En mi última entrada de enero hacía un recordatorio de lo que ganarían en calidad las fotos de aquel atardecer maravilloso si una figura animal se hubiera recortado en el horizonte encendido. La fortuna no quiso complacerme entonces, pero me compensó tiempo después, con otras luces y, esta vez sí, con la silueta de una cierva (Cervus elaphus) perfilada en el horizonte. Apenas asomó unos segundos en aquel punto de la ladera, emergió de la nada, dio unos bocados a las herbáceas que habría por el suelo y desapareció en el negro de la ladera. Me permitió componer rápidamente un encuadre y disparar. Y ya está, se acabó. Al menos el azar se puso de mi lado esta vez por unos instantes fugaces y, levantando la cabeza, me permitió siluetearla con una pose bonita, distinta a la habitual mientras pastan, con la cabeza agachada. Sus grandes orejotas, su hocico, su cuerpo esbelto y sus cuatro patas se recortan contra un cielo "panza-burro" (blanco zaino que me decía otro fotógrafo de fauna) que, medio a contraluz, contrasta lo suficiente para sacarle algo de partido en blanco y negro. Un ciervito macho a su lado con una cuerna guapa hubiera estado muy bien, o uno de esos cielos incendiados.

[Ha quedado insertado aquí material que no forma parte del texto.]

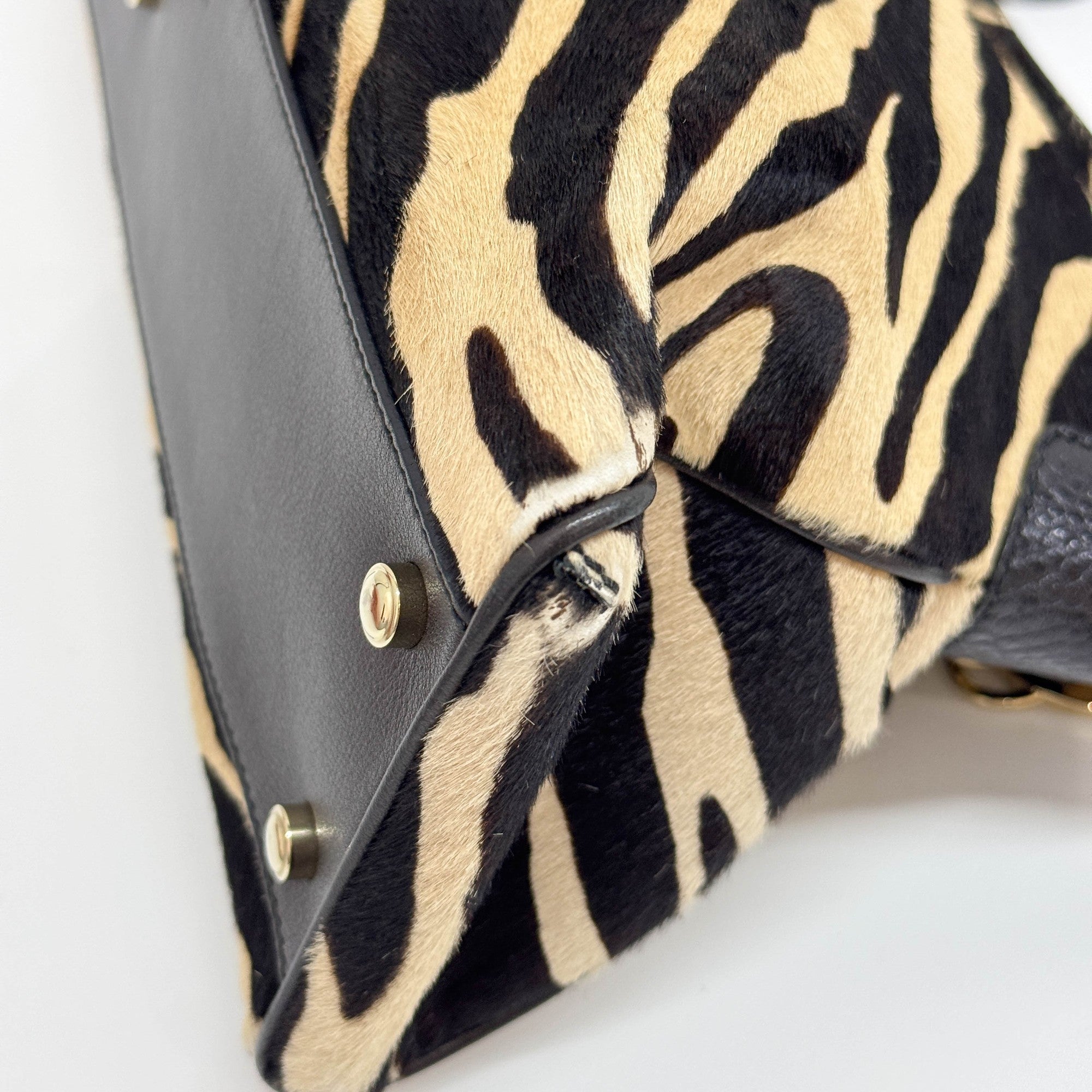 Marcello Black & Beige Zebra Print Fur Shoulder Bag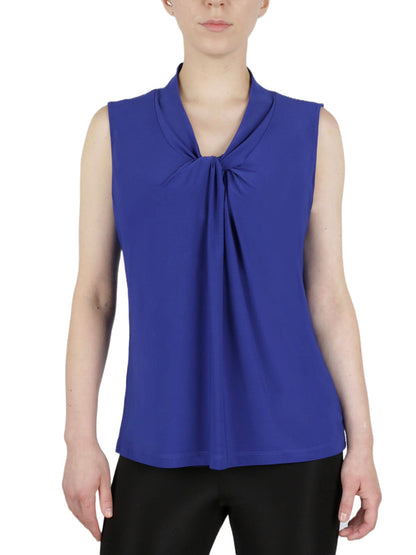 Sl Knot Front Solid Ity Knit Top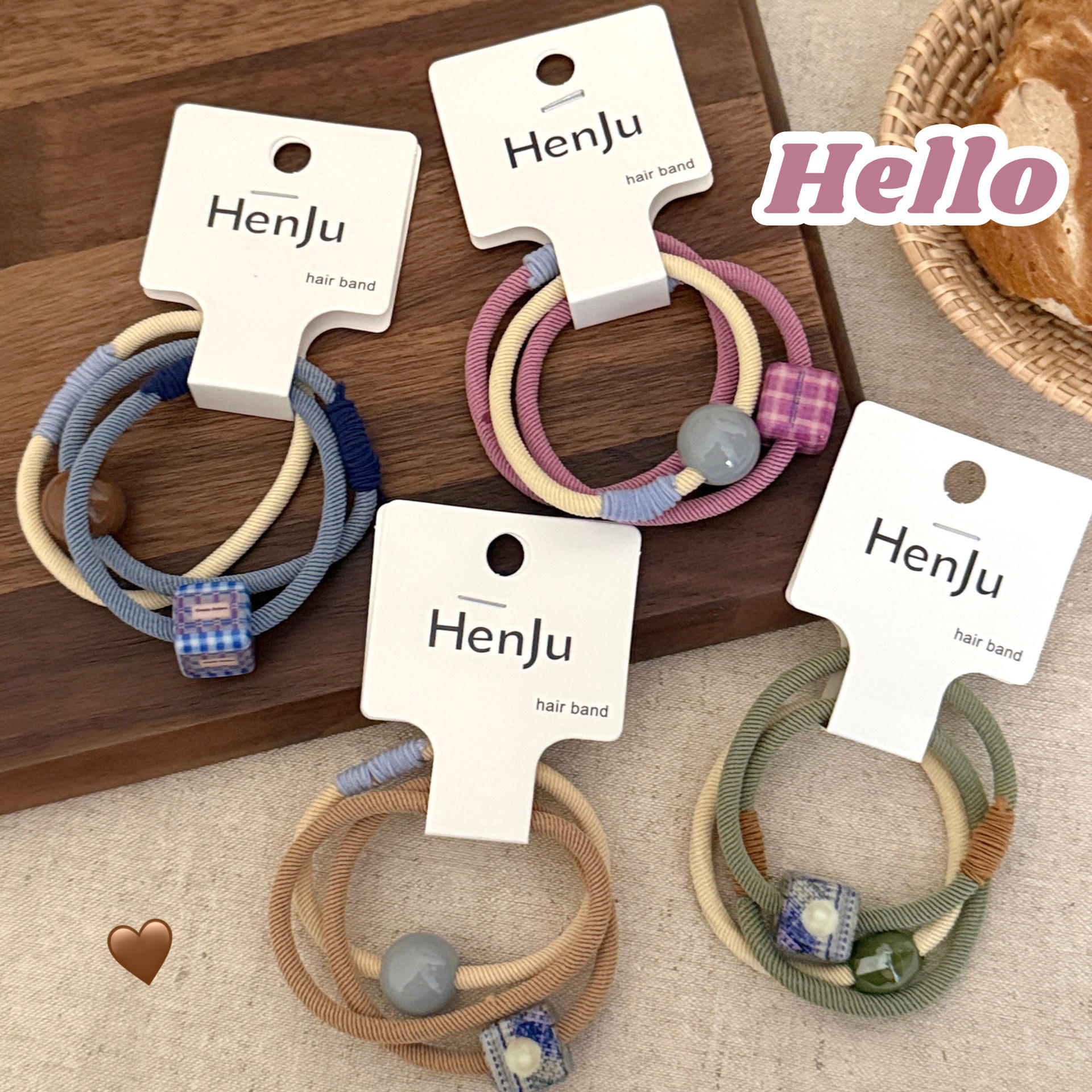 新款罗纹方块圆珠爱心百搭马尾发绳少女气质高弹力发圈高颜值发饰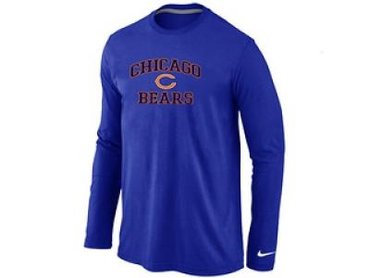 NEW Chicago Bears Heart & Soul Long Sleeve T-Shirt Blue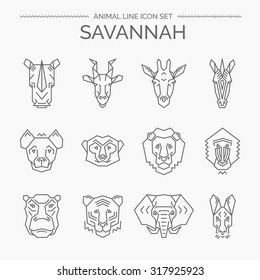 Vector linear set of wild savannah animals.Animals design vector icons.Thin line style.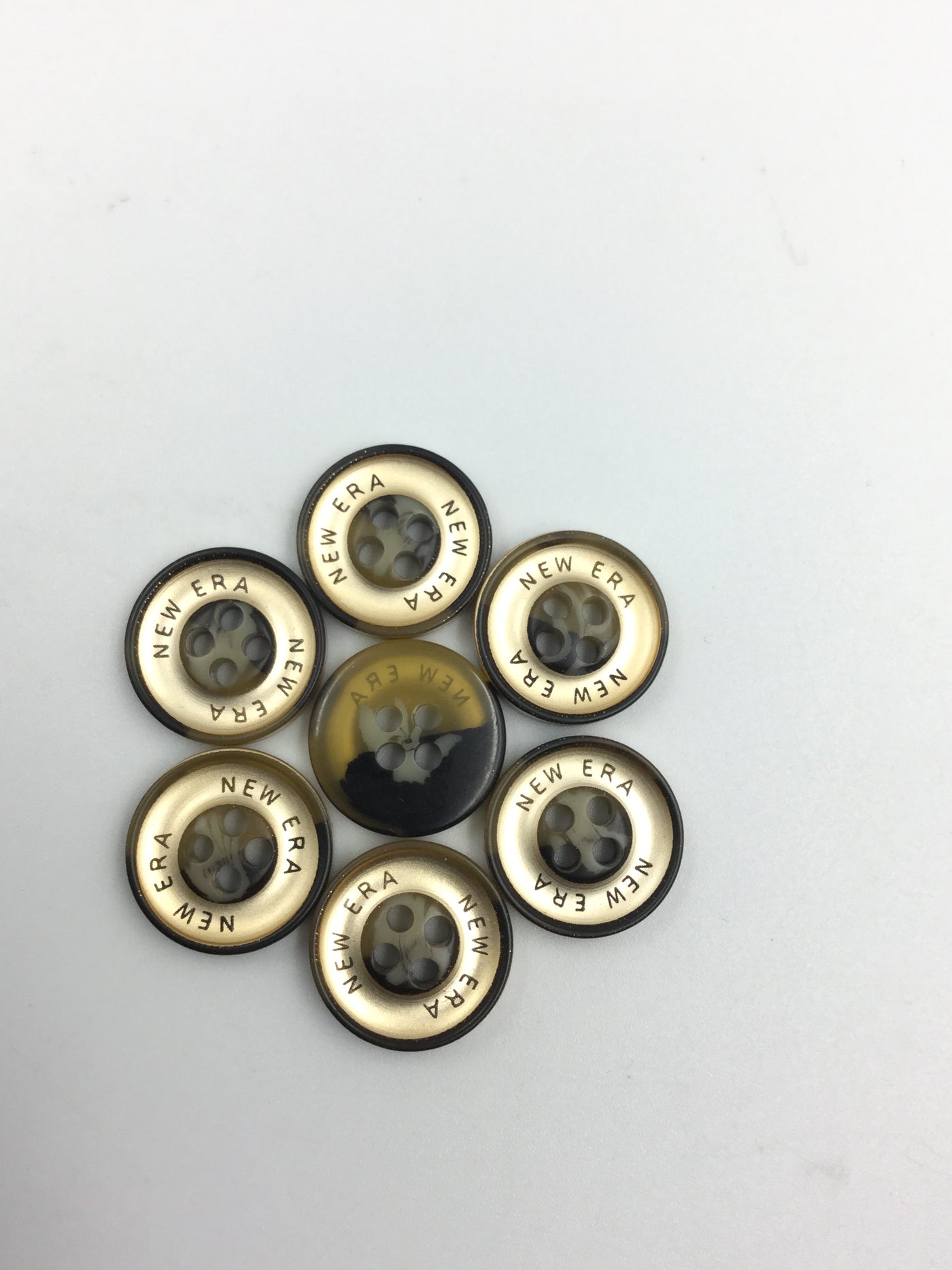 Coffee Brown and Golden Four Hole Polyester Shining Buttons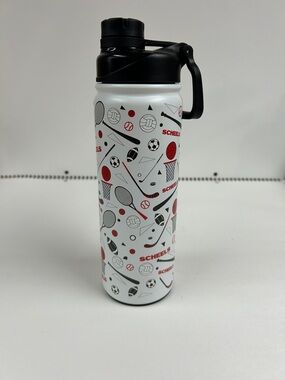 Scheels White & Black Sports Pattern Stainless Water Bottle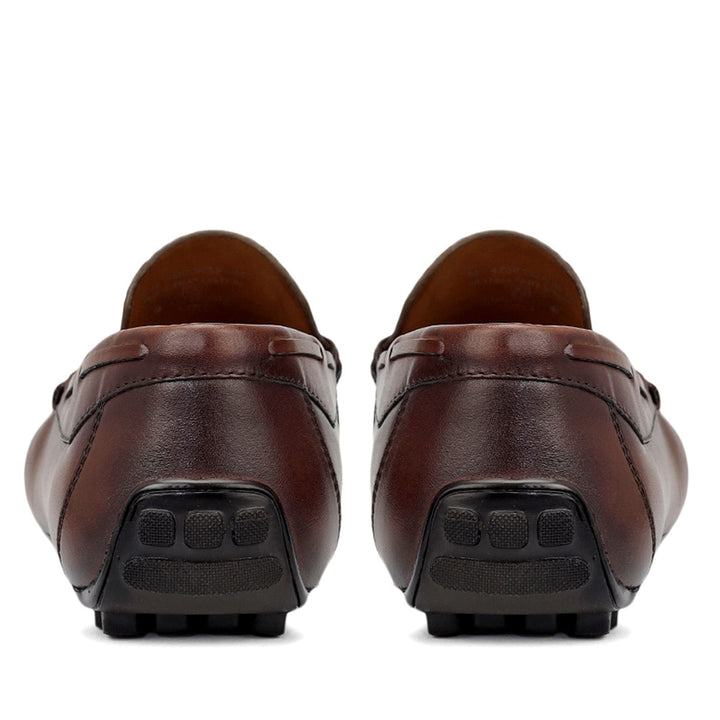 Brown Mat Textured Moccasins With Tassels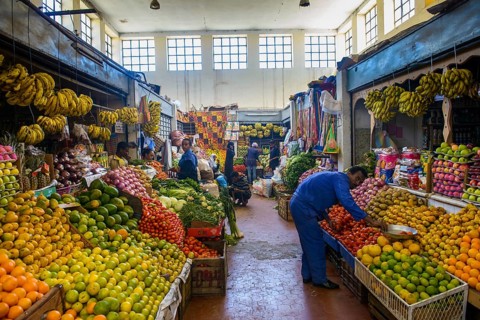 Fruit stalls in the Colonial market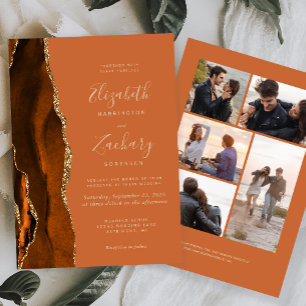 Invitation 5-Photo Brûlé Orange Or Agate Tan Mariage
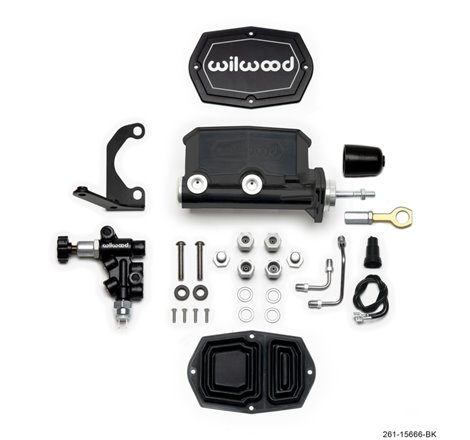 Wilwood Compact Tandem M/C - 1.12in Bore w/RH Bracket and Valve (Mustang Pushrod) - Black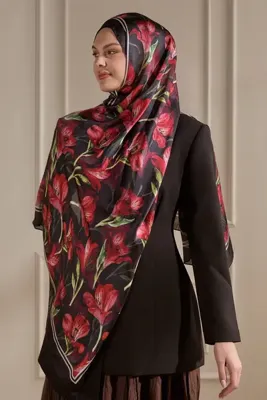 SilkTouch Kırmızı Lale Desenli İdol Vual Şal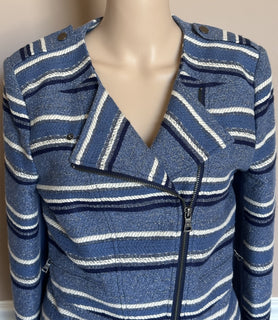 BCBG MAXAZRIA Women’s Blue/White Jacket Size S
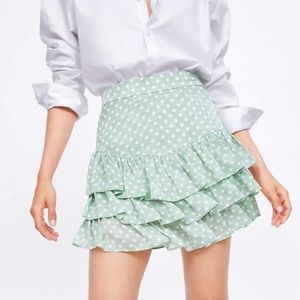 Zara Mint polka dot ruffle skirt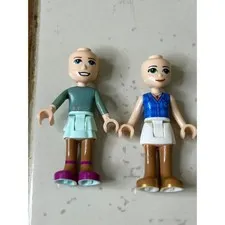 LEGO Friends Mini-Doll Figures Lot of 2 Teal Blue Outfits No Hair 2009 2011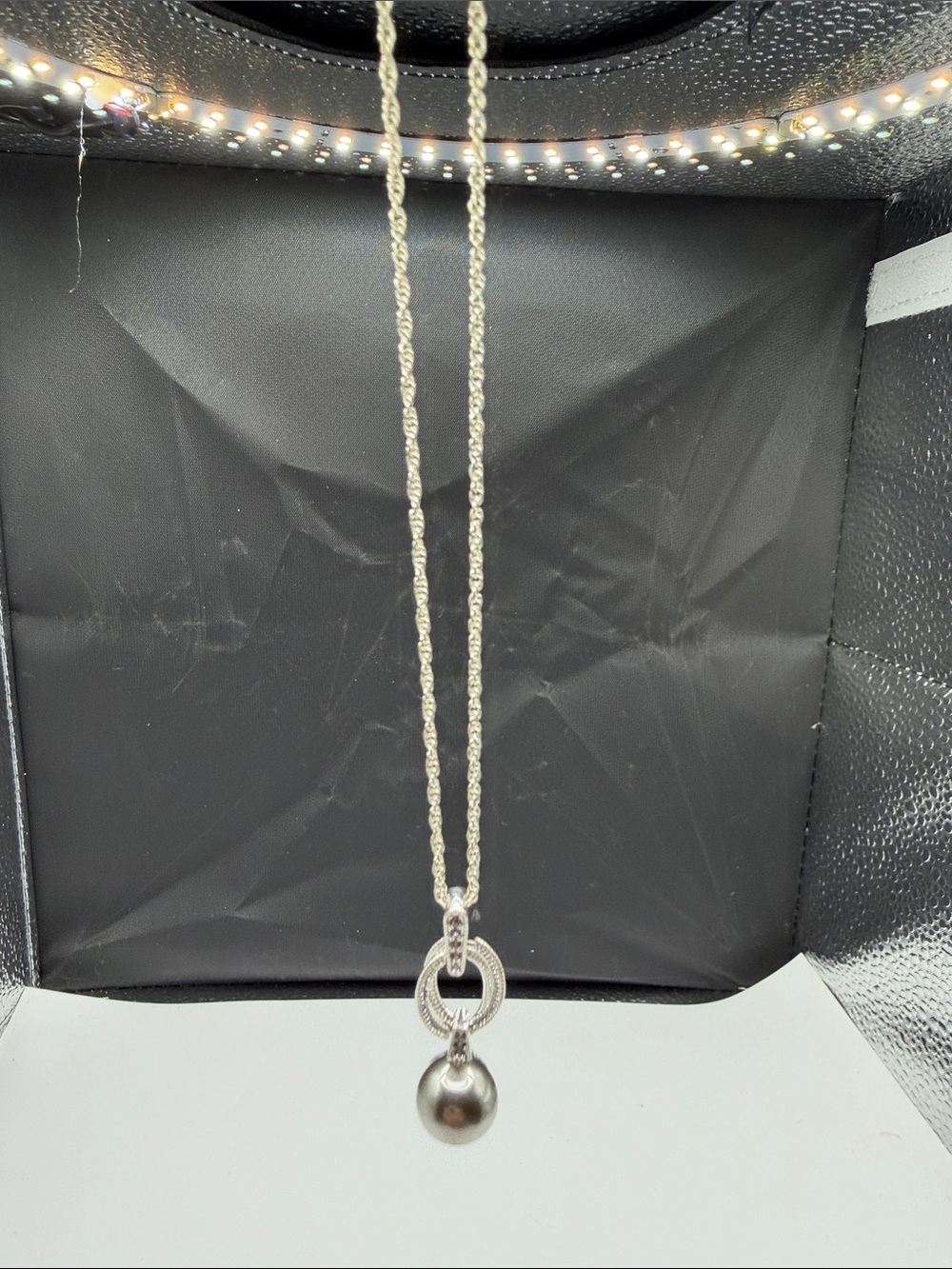 NYC Silver Rope Chain Necklace with Gray ball Drop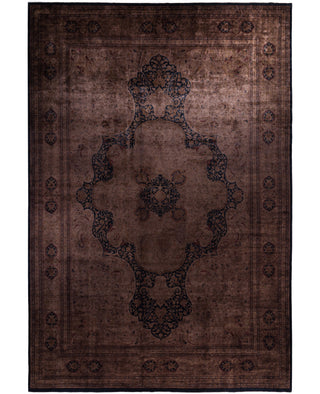 Overdyed One-of-a-Kind Wool Brown Area Rug 12' 1" x 17' 10"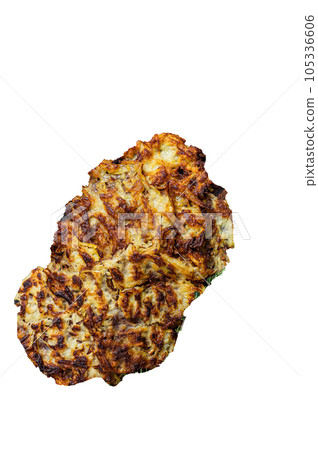 Potato pancakes with herbs and salt on wooden board. High quality Isolate, white background. 105336606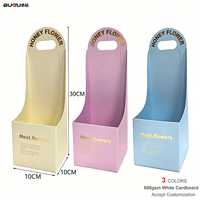 Boîte à fleurs avec poignée, estampage doré, boîtes cadeaux pour fleurs, boîte pour bouquet de fleurs, boîte pour arrangement floral, emballage cadeau pour fleuristes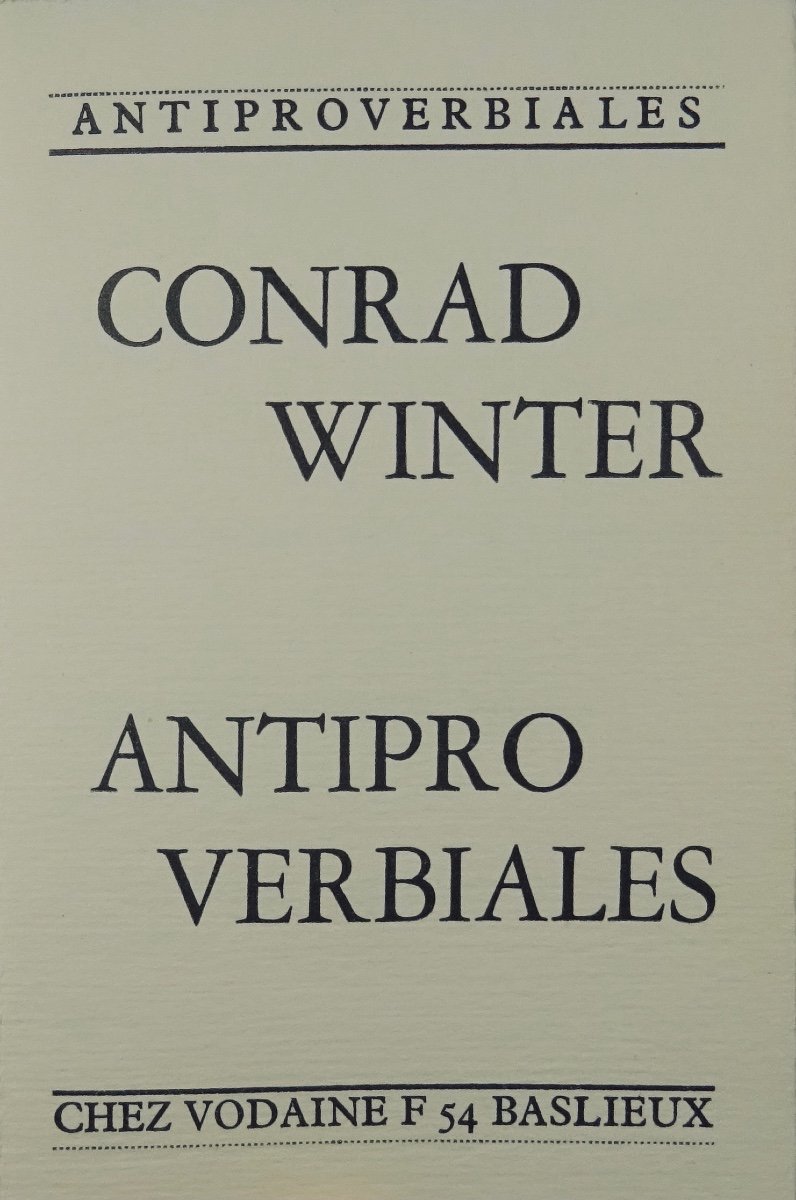 Winter (conrad) - Antiproverbials. Baslieux, Chez Vodaine, 1974, Illustrated By Vodaine.-photo-2
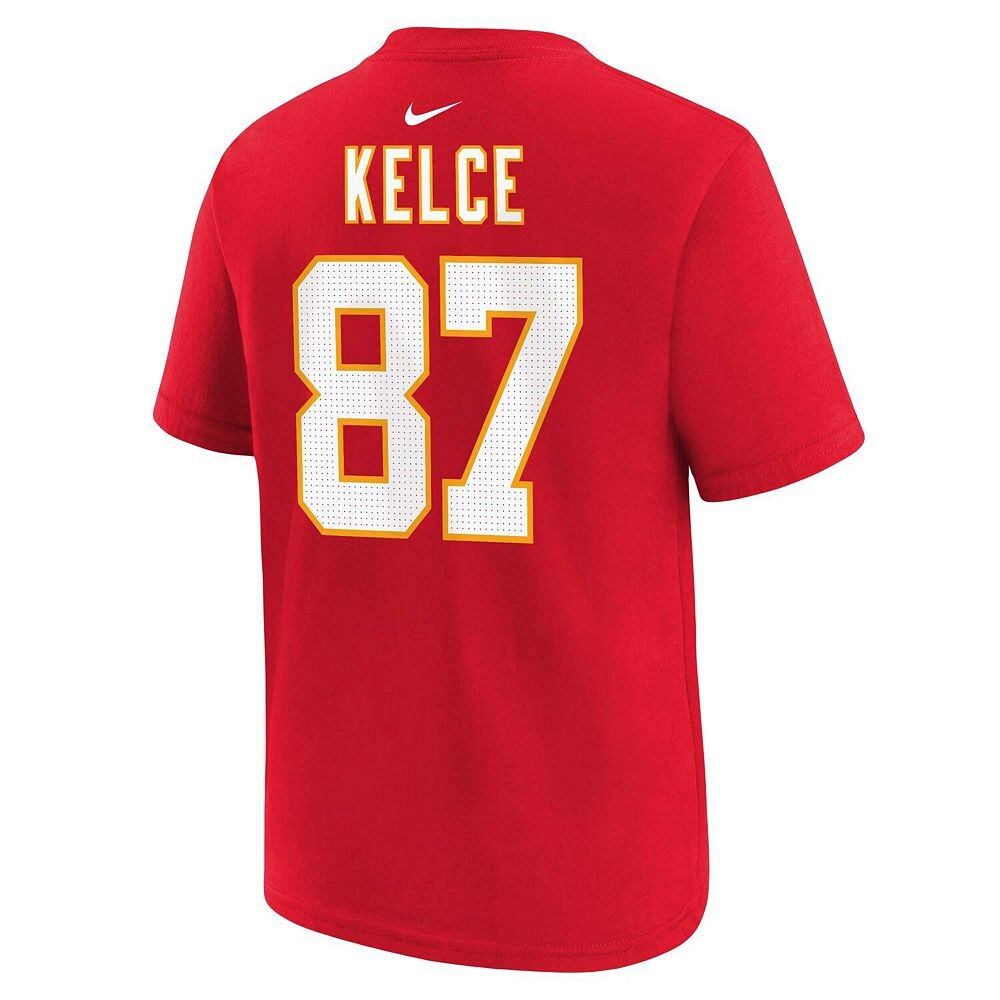 Красная футболка Nike Travis Kelce для дошкольников с именем и номером игрока Kansas City Chiefs, цвет Chf Red — фото 4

No pudo ser, pero no pasa nada, esta me satisfizo igualmente y con eso me quedo, pues estar allí viendo esta escena ya constituyó suficiente premio para mí. Al fin y al cabo, la vida natural está repleta de instantes así, y yo tuve la fortuna de formar parte de uno de ellos. ¿Se puede pedir algo más? Sinceramente, yo creo que no. 



22 de noviembre de 2023

A contracorriente

Eso es lo que se me venía a la mente cuando, quemando kilómetros con nuestra furgoneta hacia el Gran Norte, veíamos los bandos de grullas volar en dirección contraria. Sí, ya sé que generalmente se viaja al norte cuando los días son más largos, las temperaturas más suaves y la fauna está ocupada sacando a su descendencia anual. Hasta las grullas lo saben, y eso que tienen el cerebro bastante más pequeño que el mío. Primavera y comienzos de verano constituyen la época más adecuada para nomadear más allá del Circulo Polar Ártico, y no el mes de octubre. Peeero ... ... cuando no se puede, no se puede, y además es ...

Pues eso, vosotros mismos habéis terminado la frase: "imposible".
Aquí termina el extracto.